Open xuanhan863 opened 4 days ago
you may want to specifically tell the language parameter to chinese, maybe the language detector is having trouble detecting the language, can you post your code?
Very simple test code:
`from auralis import TTS, TTSRequest
tts = TTS().from_pretrained('AstraMindAI/xttsv2')
request = TTSRequest( text="你好, 很高兴认识你.", language="zh-cn", speaker_files=['reference.wav'] ) tts.generate_speech(request)`
And I've confirmed that the language check outputs zh-cn when the language parameter is specified as auto.
langid.classify(text)[0].strip()
Did you try it with the default xttsv2 implementation from coqui as a sanity check? if with thair it sounds ok I will dig deeper
any update for this issue? I met same problem. Default xttsv2 implementation result is well, but this project result is worse using same referrrence speaker to Chinese output.
I tried to change the code in tokenizer.py:
# # Preprocess each text in the batch with its corresponding language
# processed_texts = []
# for text, text_lang in zip(batch_text_or_text_pairs, lang):
# if isinstance(text, str):
# # Check length and preprocess
# #self.check_input_length(text, text_lang)
# processed_text = self.preprocess_text(text, text_lang)
# # Format text with language tag and spaces
# base_lang = text_lang.split("-")[0]
# lang_code = "zh-cn" if base_lang == "zh" else base_lang
# processed_text = f"[{lang_code}]{processed_text}"
# processed_text = processed_text.replace(" ", "[SPACE]")

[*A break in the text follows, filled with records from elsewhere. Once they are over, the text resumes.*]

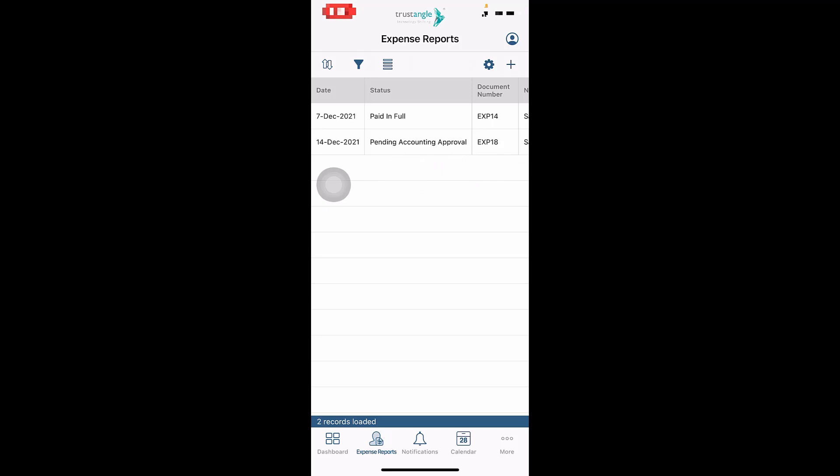Now you can see the status has been changed to Pending Accounting Approval. If you have activated any approval cycle, you can see all the expenses that are under approval, either from the reminder or by going to My Expenses and following up with their status. Trustangle team builds approval cycles for each client according to their requirements.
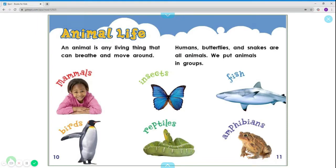We put animals in groups. Humans are considered mammals. Butterflies are insects. Sharks are considered fish. Penguins are considered birds. Snakes are reptiles. And frogs are amphibians.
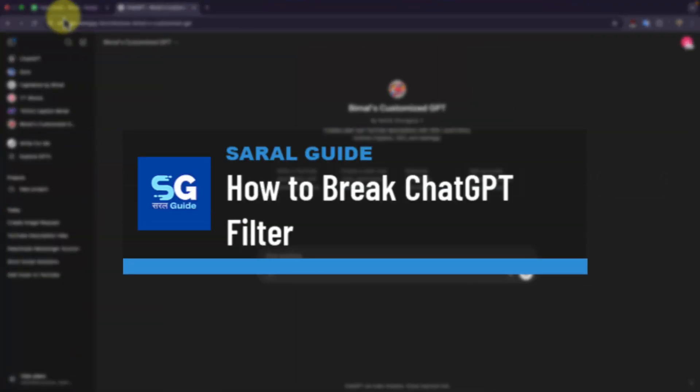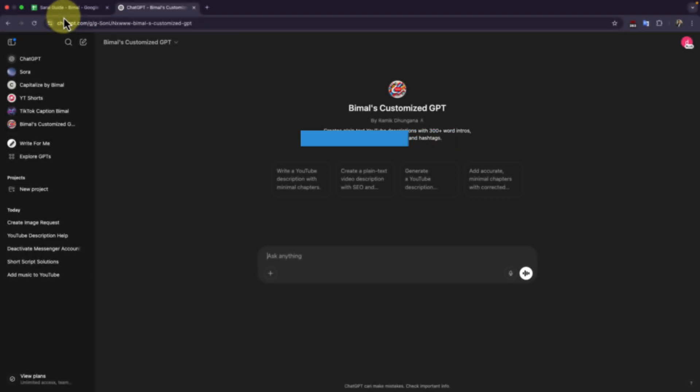How to break ChatGPT's filter. ChatGPT filters most things before giving an answer. For example, if you're trying to ask for some explicit text or some kind of malicious code or anything like that, it actually stops you with a filter.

# processed_texts.append(processed_text)
# else:
# processed_texts.append(text)
# Call the parent class's encoding method with processed texts
return super()._batch_encode_plus(
# processed_texts,
batch_text_or_text_pairs,
add_special_tokens=add_special_tokens,
padding_strategy=padding_strategy,
truncation_strategy=truncation_strategy,
max_length=max_length,
stride=stride,
is_split_into_words=is_split_into_words,
pad_to_multiple_of=pad_to_multiple_of,
return_tensors=return_tensors,
return_token_type_ids=return_token_type_ids,
return_attention_mask=return_attention_mask,
return_overflowing_tokens=return_overflowing_tokens,
return_special_tokens_mask=return_special_tokens_mask,
return_offsets_mapping=return_offsets_mapping,
return_length=return_length,
verbose=verbose,
**kwargs
)
It works for me.
@wjddd can you open a pr request?
@wjddd can you open a pr request?
Sure.
I tried to change the code in tokenizer.py:
# # Preprocess each text in the batch with its corresponding language # processed_texts = [] # for text, text_lang in zip(batch_text_or_text_pairs, lang): # if isinstance(text, str): # # Check length and preprocess # #self.check_input_length(text, text_lang) # processed_text = self.preprocess_text(text, text_lang) # # Format text with language tag and spaces # base_lang = text_lang.split("-")[0] # lang_code = "zh-cn" if base_lang == "zh" else base_lang # processed_text = f"[{lang_code}]{processed_text}" # processed_text = processed_text.replace(" ", "[SPACE]") # processed_texts.append(processed_text) # else: # processed_texts.append(text) # Call the parent class's encoding method with processed texts return super()._batch_encode_plus( # processed_texts, batch_text_or_text_pairs, add_special_tokens=add_special_tokens, padding_strategy=padding_strategy, truncation_strategy=truncation_strategy, max_length=max_length, stride=stride, is_split_into_words=is_split_into_words, pad_to_multiple_of=pad_to_multiple_of, return_tensors=return_tensors, return_token_type_ids=return_token_type_ids, return_attention_mask=return_attention_mask, return_overflowing_tokens=return_overflowing_tokens, return_special_tokens_mask=return_special_tokens_mask, return_offsets_mapping=return_offsets_mapping, return_length=return_length, verbose=verbose, **kwargs )
It works for me.
It works for me too. Thank a lot. I met another issue. I trid to produce a long text voice with chinese man voice as referrence audio, this project will produce a voice as foreigner speak Chinese. But I use default xttsv2, there is not this issue.
There seems to be some problem with the generation of chinese, with a chunk sequence like this: ['ni3hao3, hen3gao1xing4ren4shi2ni3'], the output audio is unintelligible.